Abstract

The environment provides mechanical input to tissues through ground reaction forces, gravity, barometric pressure, vibration, and contact with bodies. When tissues are deformed, resident cells are deformed in complex modes. Cells detect “outside-in” mechanical signals by diverse means, including stretch-activated ion channels and other ion channels as the plasma membrane is deformed, through integrin linkages from the matrix to the cytoskeleton, and through cadherins or desmosomes in cell-cell connections. Ion channels, particularly sodium, chloride, potassium, and calcium channels, play an important role in the signal transduced from the mechanical stimulus to a chemical signal. This signal often results in an increase in the concentration of intracellular calcium. This part of the signaling pathway is often blocked by removal of extracellular calcium. Once an initial step in signal transduction has occurred, activation of intracellular pathways initiates phosphorylation events and protein-protein associations including association of integrin β subunits with the cytoskeleton and associated proteins, such as FAK, paxillin, filamin, integrin-linked kinase (ILK), and talin. PLA, PLC, adenyl cyclase, guanyl cyclase, iNOS, and other enzymes are activated producing the second messengers: cAMP, cGMP, ATP, GTP, NO, PGE 2 , IP 3 , and DAG that act, not only in the target cell but also may have paracrine effects. Furthermore, specific pathways may be activated that drive mitogenesis (MEK/MAPK), a stress response (JAK/STAT and JNK), or other responses that result in specific gene expression through activation of transcription factors, cell division, and contraction.
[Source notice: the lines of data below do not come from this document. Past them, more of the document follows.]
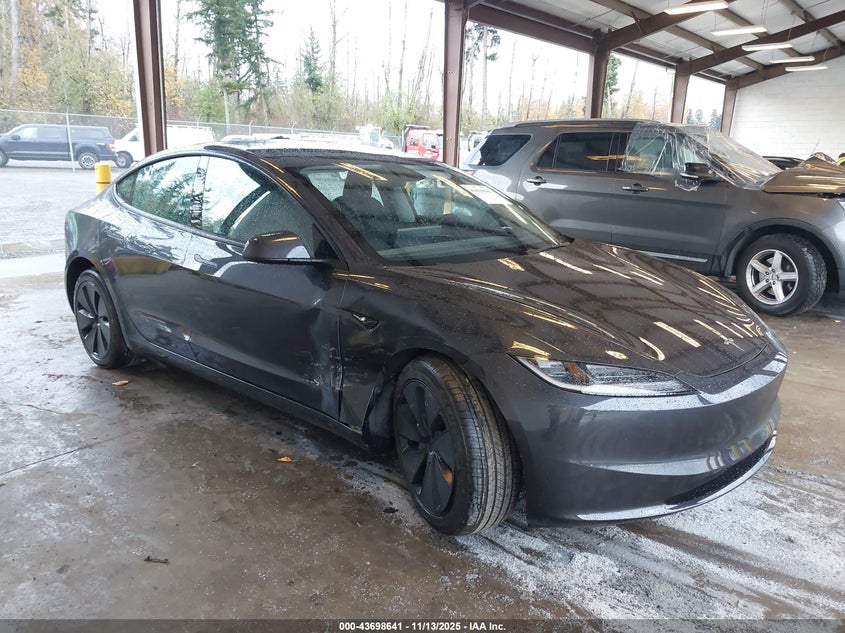 TESLA MODEL 3 LONG RANGE REAR-WHEEL DRIVE/STANDARD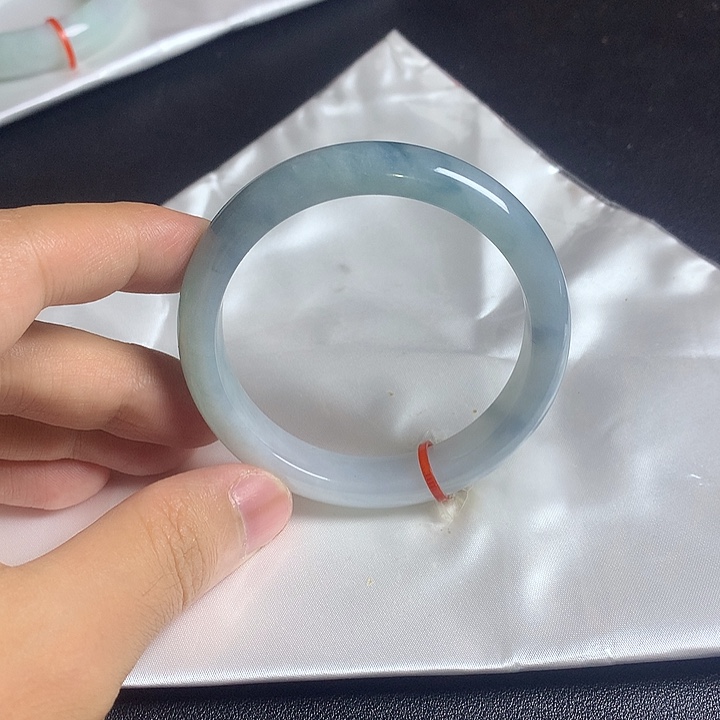翡翠手镯未镶嵌翡翠56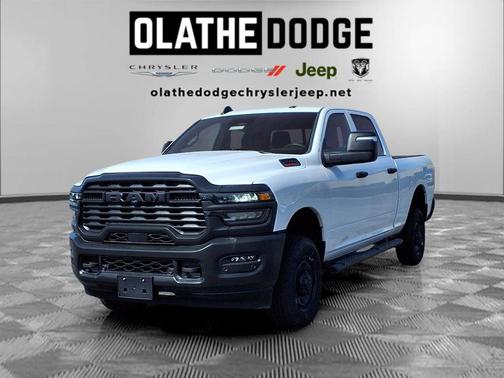 2026 RAM 2500 Tradesman Crew Cab 4x4 6'4' Box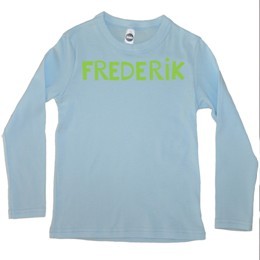 Langærmet lyseblå navnebluse 1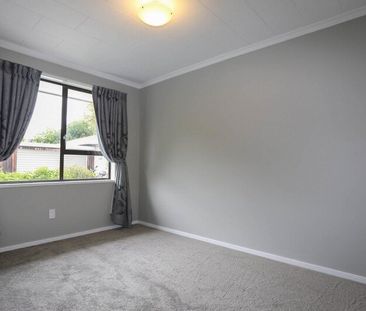 Riccarton – 3 bedroom Unit, Heat Pump, Garage - Photo 2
The chemical signal can be passed from cell to cell by mediator secretion or through gap junctions. A cell must be able to respond, then desensitize to a mechanical stimulus, just as a receptor may desensitize to a ligand. Therefore, “stop,” or inhibitory signals, are perhaps as important as “go,” or stimulatory signals with respect to a mechanical load response. A cell must be able to attenuate its response to load. This review discusses the recent concepts in mechanical signal detection, transduction, and response pathway in mammalian connective tissue cells.